Share and use datasets via Python code
amotl opened this issue · 2 comments
amotl commented
About
Easily consume datasets from tutorials and/or production applications like others are doing it, using Python code.
References
- Add package datasets.
- Add a convience function
cratedb_toolkit.tutorial.load_dataset
likedatasets.load_dataset
, xarray.tutorial.load_dataset, orazureml.opendatasets
. - Add convenient access to datasets at https://github.com/crate/cratedb-datasets.
- See also NycTlcYellow class.
- See also https://github.com/MicrosoftDocs/azure-docs/tree/main/articles/open-datasets.
- https://github.com/coderholic/django-cities
from sklearn.datasets import load_iris
- https://github.com/OvertureMaps/data
- https://ml-explore.github.io/mlx-data/build/html/python/common_datasets.html
- https://github.com/pinecone-io/pinecone-datasets
- https://github.com/orgs/fivetran/repositories
- https://github.com/posit-dev/great-tables
- https://github.com/lerocha/chinook-database
- https://github.com/tensorflow/datasets
Standards
- Data Catalog Vocabulary (DCAT) - Version 3
https://www.w3.org/TR/vocab-dcat-3/
amotl commented
About
Those patches add a corresponding miniature subsystem, and bring it into application.
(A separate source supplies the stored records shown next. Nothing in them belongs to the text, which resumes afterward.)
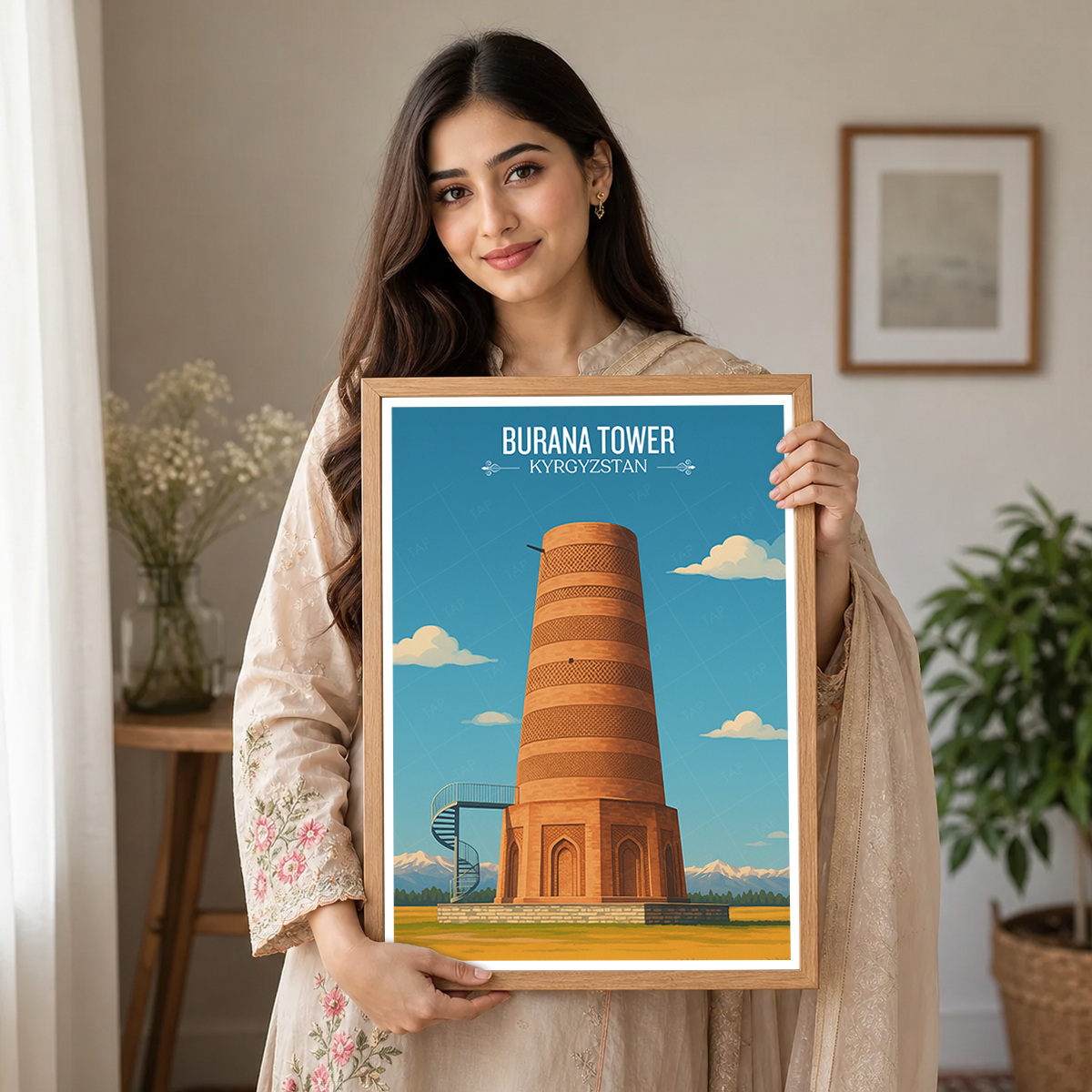 Burana Tower - Kyrgyzstan - Travel Art Wall Deco Poster Print - Art Print - Travel Art Poster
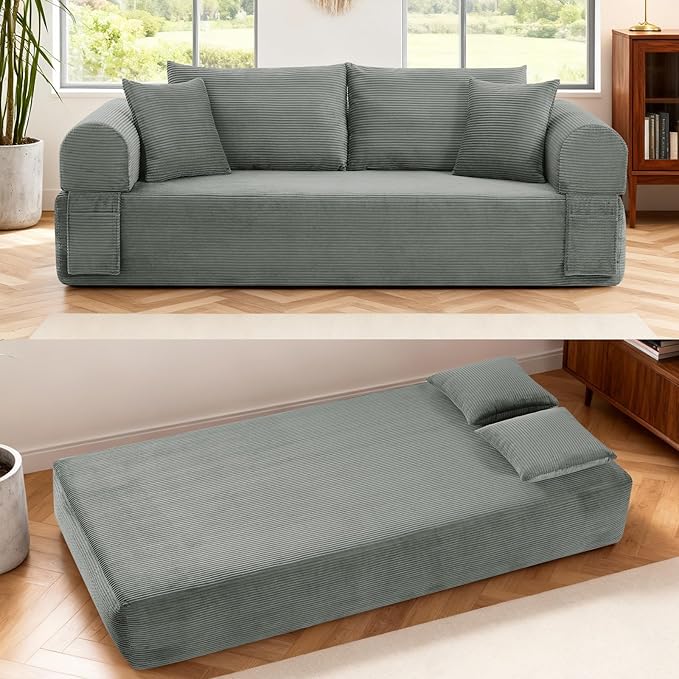 GJQ Convertible Floor Sofa Bed,83" 3 Seater Couch with Pillow Back & Storage Pockets,Corduroy Boneless Couch for Living Room,Compressed Sofa in a Box No Assembly,Light Gray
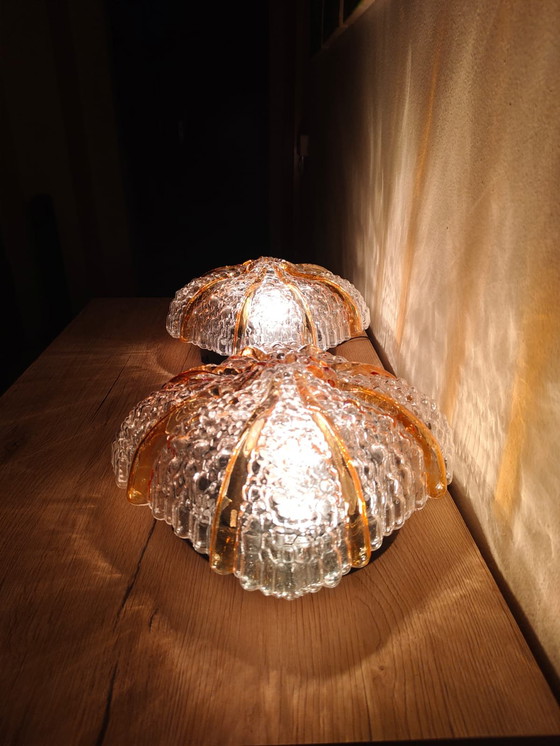 Image 1 of RARE! Sculptural pair of Mid-Century Studio Glass Lamps – Space Age 1960s/70s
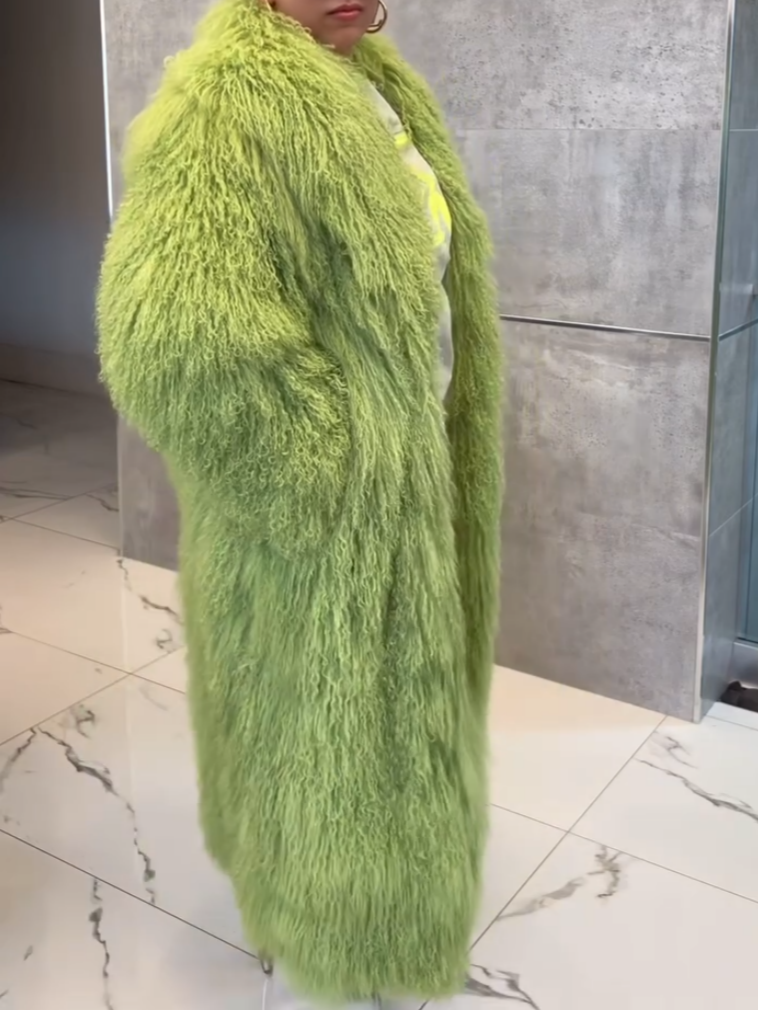 Green Fluffy Plush Long Coat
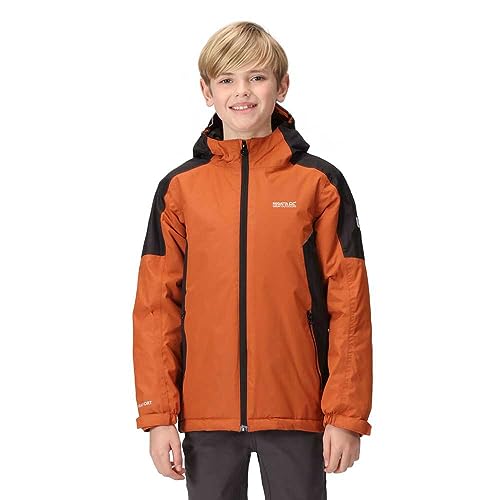 Regatta Jungen Hürdle Iv wasserdichte Jacke, Burnt Copper/Black, 14 Jahre von Regatta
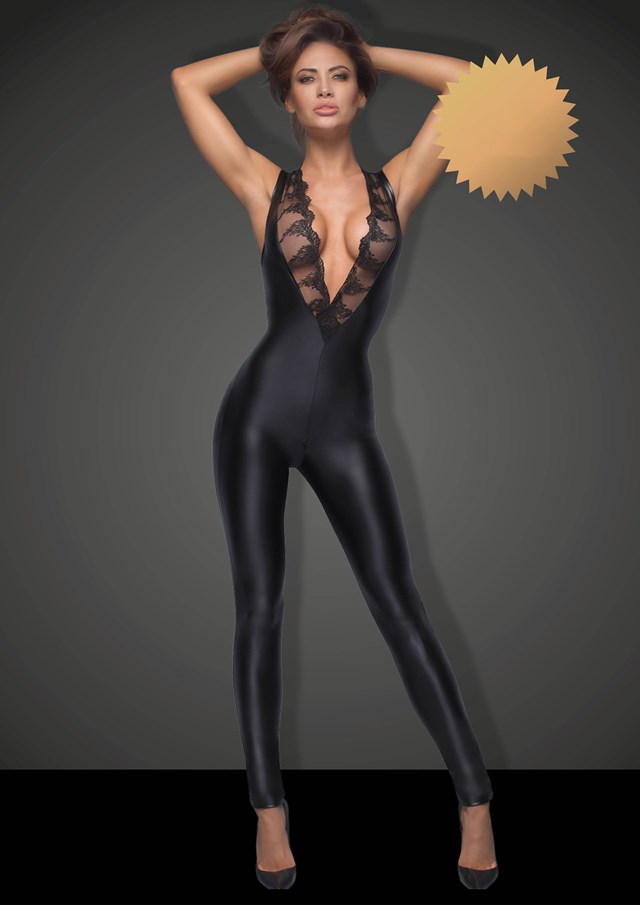 Wetlook Catsuit med Sexy Blonder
With them, cratedb-toolkit will provide convenient access to cratedb-datasets.
Synopsis
from cratedb_toolkit.datasets import load_dataset
dataset = load_dataset("tutorial/weather-basic")
dataset.dbtable(dburi="crate://crate@localhost/", table="weather_data").load()
amotl commented
About
Provide access to datasets at Kaggle, to be easily consumed by tutorials and/or production applications.
Synopsis
from cratedb_toolkit.datasets import load_dataset
dataset = load_dataset("kaggle://guillemservera/global-daily-climate-data/daily_weather.parquet")
# Only download once, nothing else.
dataset.acquire()
# Create table schema in database.
dataset.dbtable(dburi="crate://crate@localhost/", table="kaggle_daily_weather").create()